Input material below:

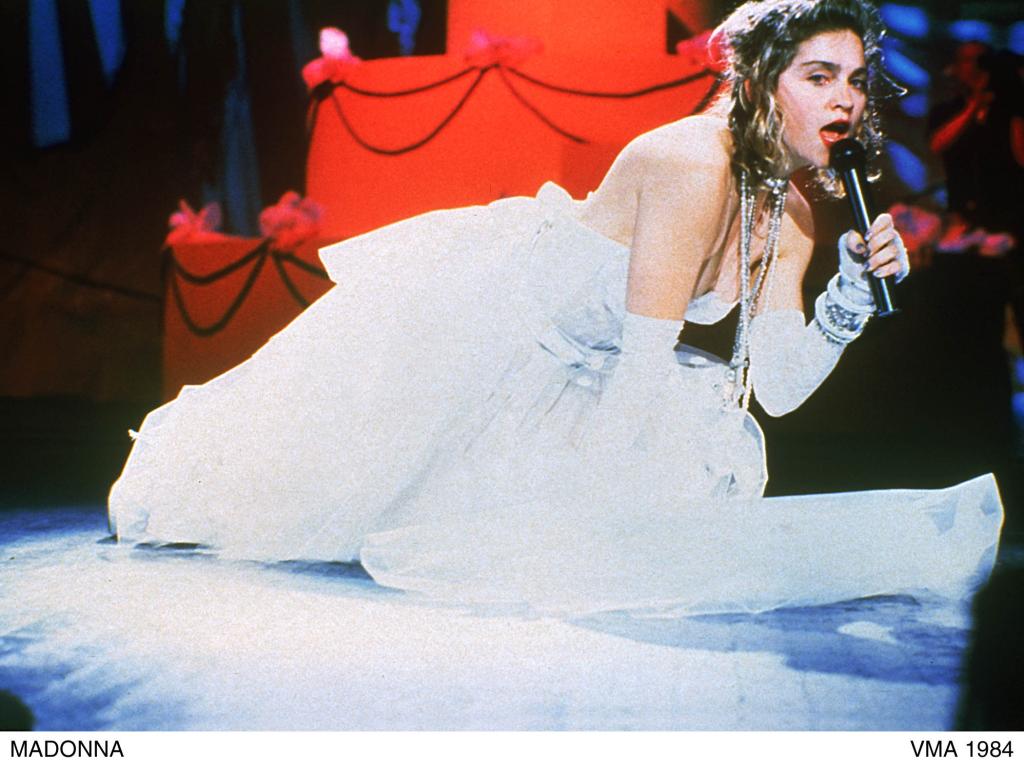 Madonna at the 1984 VMAs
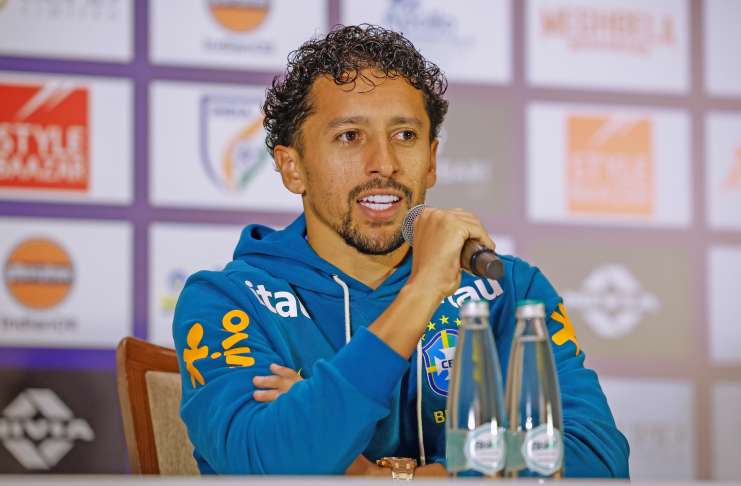 Marquinhos diz que objetivo do Brasil é “reconquistar a confiança”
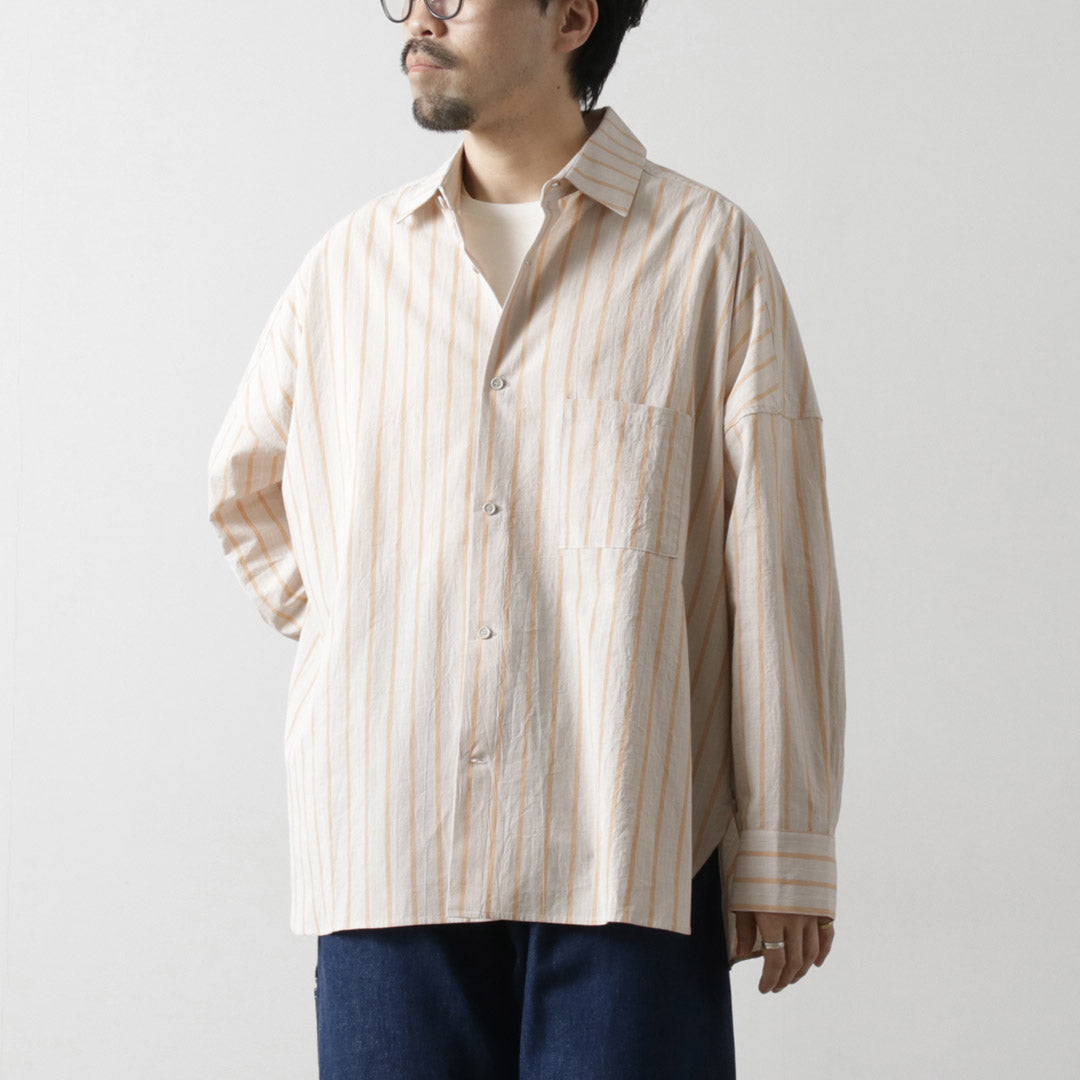 BASISBROEK / Vaken Long Sleeve Shirt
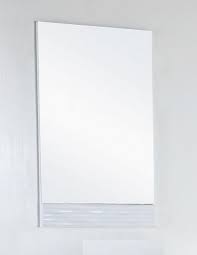 BellaTerra 22in W X 36 Borderless Mirror
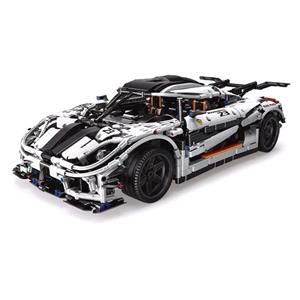ساختنی مولد کینگ 13120SD ماشین اسپرت Koenigsegg white کنترلی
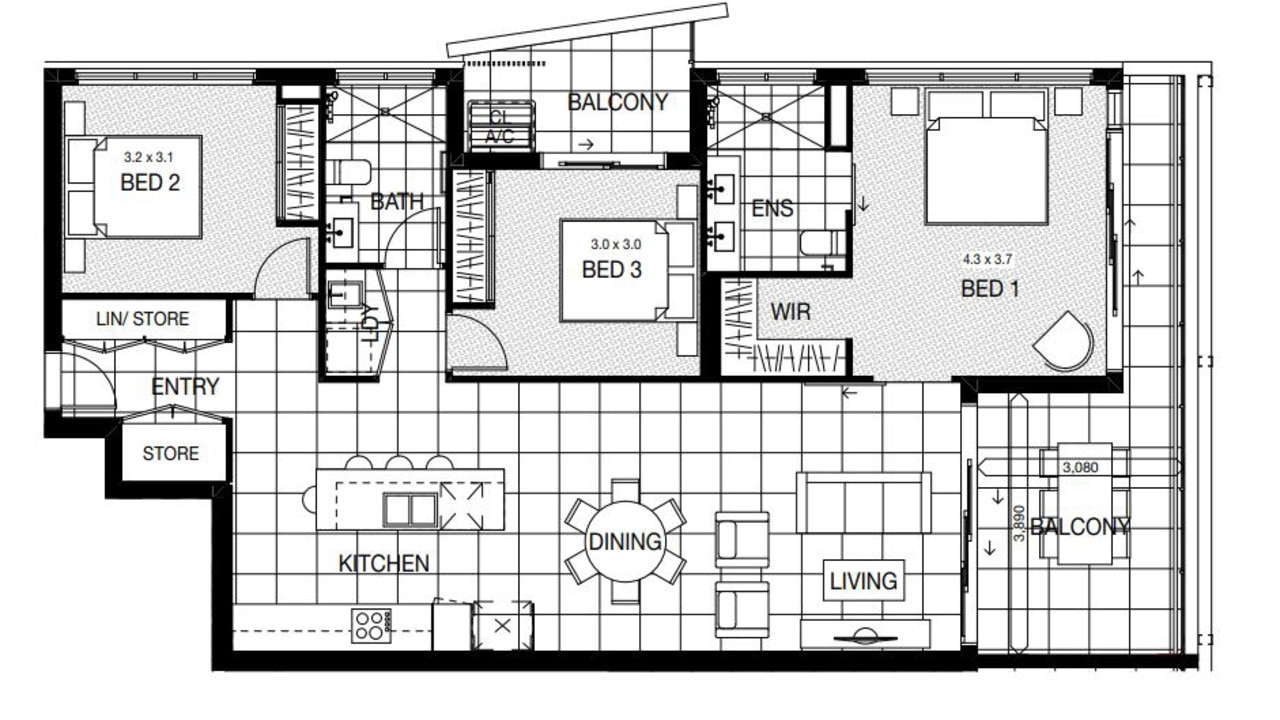 Yakola Fifty One Pty Ltd has applied to Sunshine Coast Council to build 37 units in Sippy Downs, adding to the high density residential area dominated by students from the university.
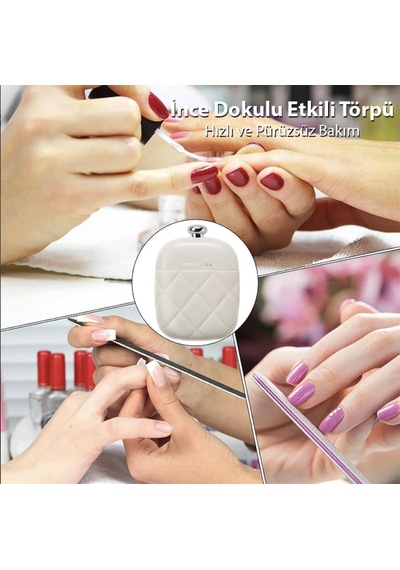 Manikür Tırnak Bakım Seti 4'lü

End of Input material.

_Brief_.
Your copy must hold exactly the lines from the one with "BellaTerra 22in W X 36 Borderless Mirror" to the end of the records above, both included, and no pictures.

_Exercise response_.
 BellaTerra 22in W X 36 Borderless Mirror
ساختنی مولد کینگ 13120SD ماشین اسپرت Koenigsegg white کنترلی
 Yakola Fifty One Pty Ltd has applied to Sunshine Coast Council to build 37 units in Sippy Downs, adding to the high density residential area dominated by students from the university.
 Manikür Tırnak Bakım Seti 4'lü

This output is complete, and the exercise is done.